Schamir droht mit vorgezogenen Wahlen

Noch steht Likud in der israelischen Wählergunst gut da/ Blockierung der Nahost-Konferenz denkbar  ■ Aus Tel Aviv Amos Wollin

In Israel mehren sich die Spekulationen über mögliche vorgezogene Neuwahlen. Eine solche Entwicklung wäre nützlich, heißt es in Kreisen des regierenden Likud, denn gegenwärtig wächst die Popularität von Schamir bei den israelischen Wählern erneut. Das könnte sich jedoch während der bilateralen Verhandlungen mit den arabischen Staaten und durch weitere Belastungen des amerikanisch-israelischen Verhältnisses bald ändern.

Auch mit der wirtschaftlichen Entwicklung ist es in Israel zur Zeit nicht zum besten bestellt. Die Arbeitslosigkeit wächst unaufhaltsam. Zwischen den religiösen Koalitionspartnern und dem Finanzminister, der von Likud und anderen nichtreligiösen Fraktionen unterstützt wird, verschärft sich außerdem die Debatte um den Staatshaushalt. Dabei geht es vor allem um die Verteiliung der Gelder zwischen den religiösen Parteien und anderen Institutionen.

Darum ist man in Kreisen von Likudpolitikern jetzt der Meinung, daß eine Koalitionskrise jetzt „keineswegs als Unglück empfunden“ würde. Falls bis zum Dezember kein neuer Haushalt verabschiedet werden kann, werde es eben auch keine Regierung mehr geben, und das würde Neuwahlen bedeuten, wahrscheinlich im Mai.

Die Arbeitspartei beschuldigt den regierenden Likud-Block, ganz systematisch auf Neuwahlen hinzuarbeiten. Dann nämlich könnte das Gesetz über die Direktwahl des Ministerpräsidenten jetzt nicht mehr von der Knesset verabschiedet werden. Diese Änderung des Wahlgesetzes ist eine alte Forderung der Oppositionspartei. Von sich aus wird die Arbeitspartei mit Sicherheit nichts unternehmen, um Neuwahlen herbeizuführen, jedenfalls nicht vor einer Änderung des Wahlgesetzes. Denn nach Umfragen, die während der soeben abgeschlossenen ersten Runde ihres Parteitages geführt wurden, steht sie in der Gunst der Wähler zur Zeit sehr schlecht da.

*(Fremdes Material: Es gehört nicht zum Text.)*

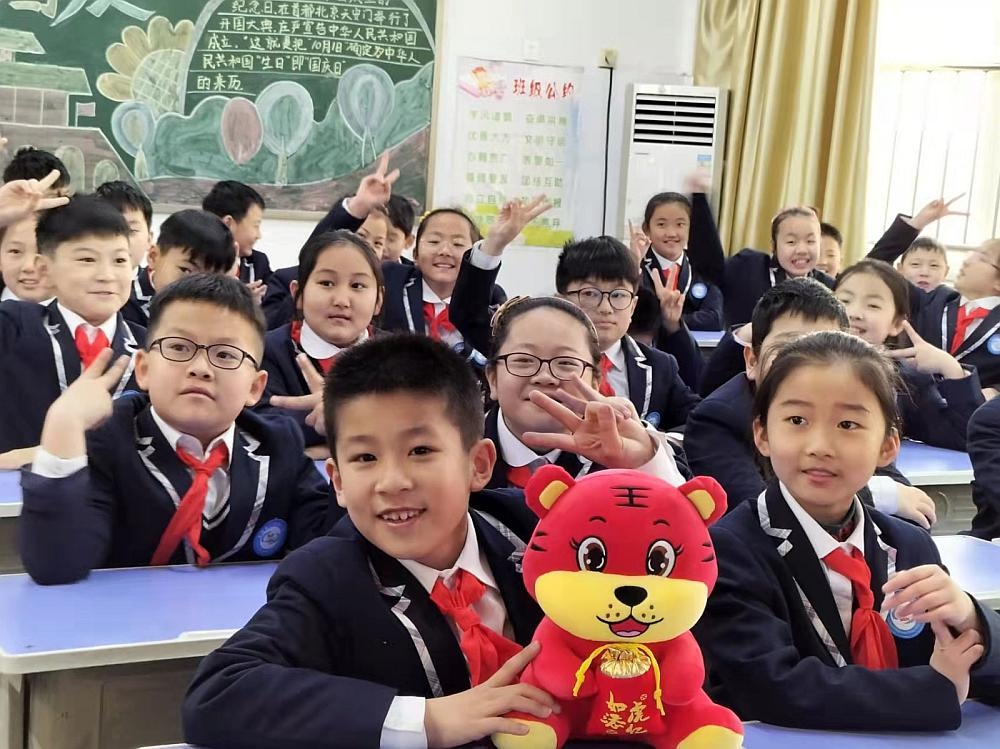 莒县第二实验小学举行以"逐梦新征程,奋进向未来"为主题的开学典礼暨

Die Drohung mit Neuwahlen wird für Ministerpräsident Schamir allmählich zur ständigen Waffe in innen- und außenpolitischen Auseinandersetzungen. Aus seiner Sicht wäre es am vorteilhaftesten gewesen, Neuwahlen schon zum Zeitpunkt der Madrider Eröffnungskonferenz zu erreichen, weil die Arbeitspartei zu diesem Zeitpunkt einen Tiefstand in der Wählergunst von nur 22 Prozent erreicht hatte, Likud wäre hingegen von 60 Prozent der Israelis gewählt worden. Auch für den Fall mißliebiger Entwicklungen während der bilateralen Gespräche, die am 4.Dezember im Rahmen der Nahost- Konferenz beginnen, ist die Drohung mit Neuwahlen für Schamir eine Waffe. Der Fortgang der Konferenz könnte auf diese Weise für Monate blockiert werden.

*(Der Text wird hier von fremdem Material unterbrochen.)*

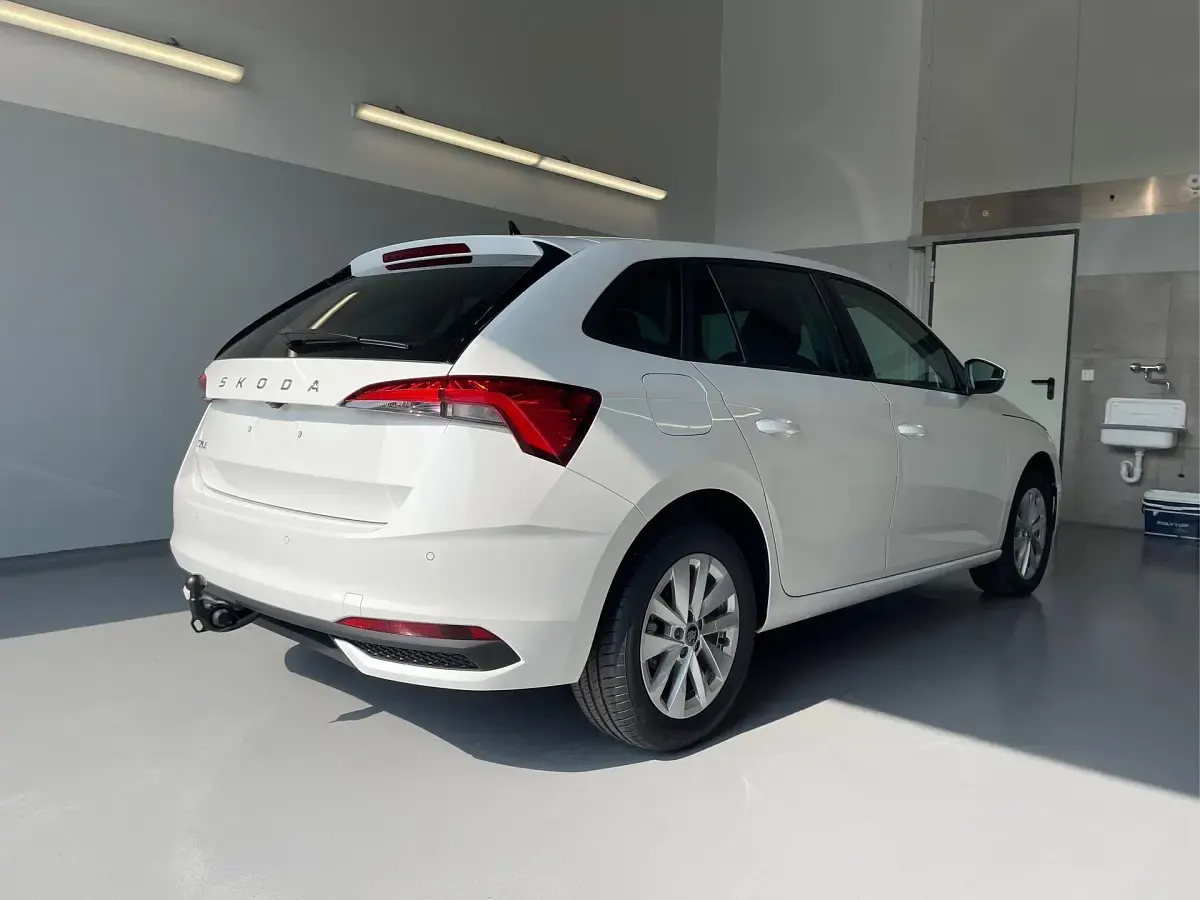 Nuova Skoda Scala Selection 2026 Bianco Utilitaria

Doch die Waffe wird allmählich stumpf. Zu oft wurde die Drohung bereits ausgesprochen. Vor zwei Tagen erklärte der israelische Ministerpräsident, es sei „möglich, daß die Wahlen um zwei Monate vorgezogen werden“, das hieße auf den Spätsommer. Tatsächlich wird die Entscheidung der Regierung jedoch vom Verlauf der bilateralen Gespräche und von der Entwicklung des Konflikts über die US-amerikanischen Kreditgarantien abhängen.